Recorded information
* * *
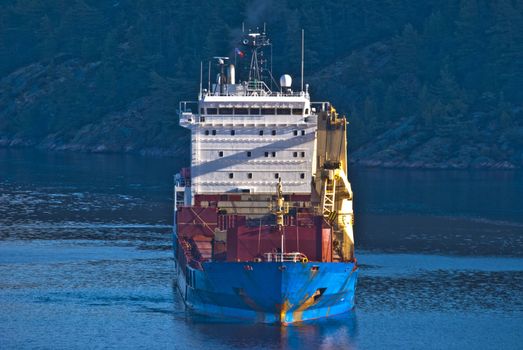 ringdalsfjord is a boundary fjord of norway and sweden, it extends from the oslo fjord and to halden, where it goes into iddefjord, picture is shot from svinesund bridge and shows bbc europe on the way out of the fjord, bbc europe is a cargo ship, is 120X20 meters and sails under antigua barbuda [ag] flag.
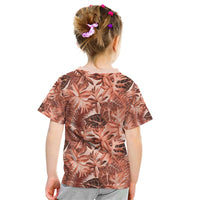 Hawaii Red Brown Tropical Leaves Kid T Shirt - Polynesian Pride
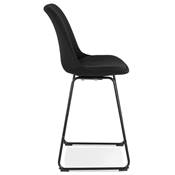 Tabouret de snack mi-hauteur 'GUSTO MINI' tissu pieds tréteaux repose pieds métal noir dossier haut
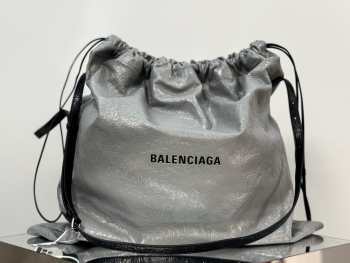 Uubags | Balenciaga Hobo Grey Leather Bag 23.9x26x9.9cm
* * *
Task instructions
The listing above must be repeated exactly. Its pictures are not part of the copy.

Answer section
 ringdalsfjord is a boundary fjord of norway and sweden, it extends from the oslo fjord and to halden, where it goes into iddefjord, picture is shot from svinesund bridge and shows bbc europe on the way out of the fjord, bbc europe is a cargo ship, is 120X20 meters and sails under antigua barbuda [ag] flag.
 Hawaii Red Brown Tropical Leaves Kid T Shirt - Polynesian Pride
 Tabouret de snack mi-hauteur 'GUSTO MINI' tissu pieds tréteaux repose pieds métal noir dossier haut
 Uubags | Balenciaga Hobo Grey Leather Bag 23.9x26x9.9cm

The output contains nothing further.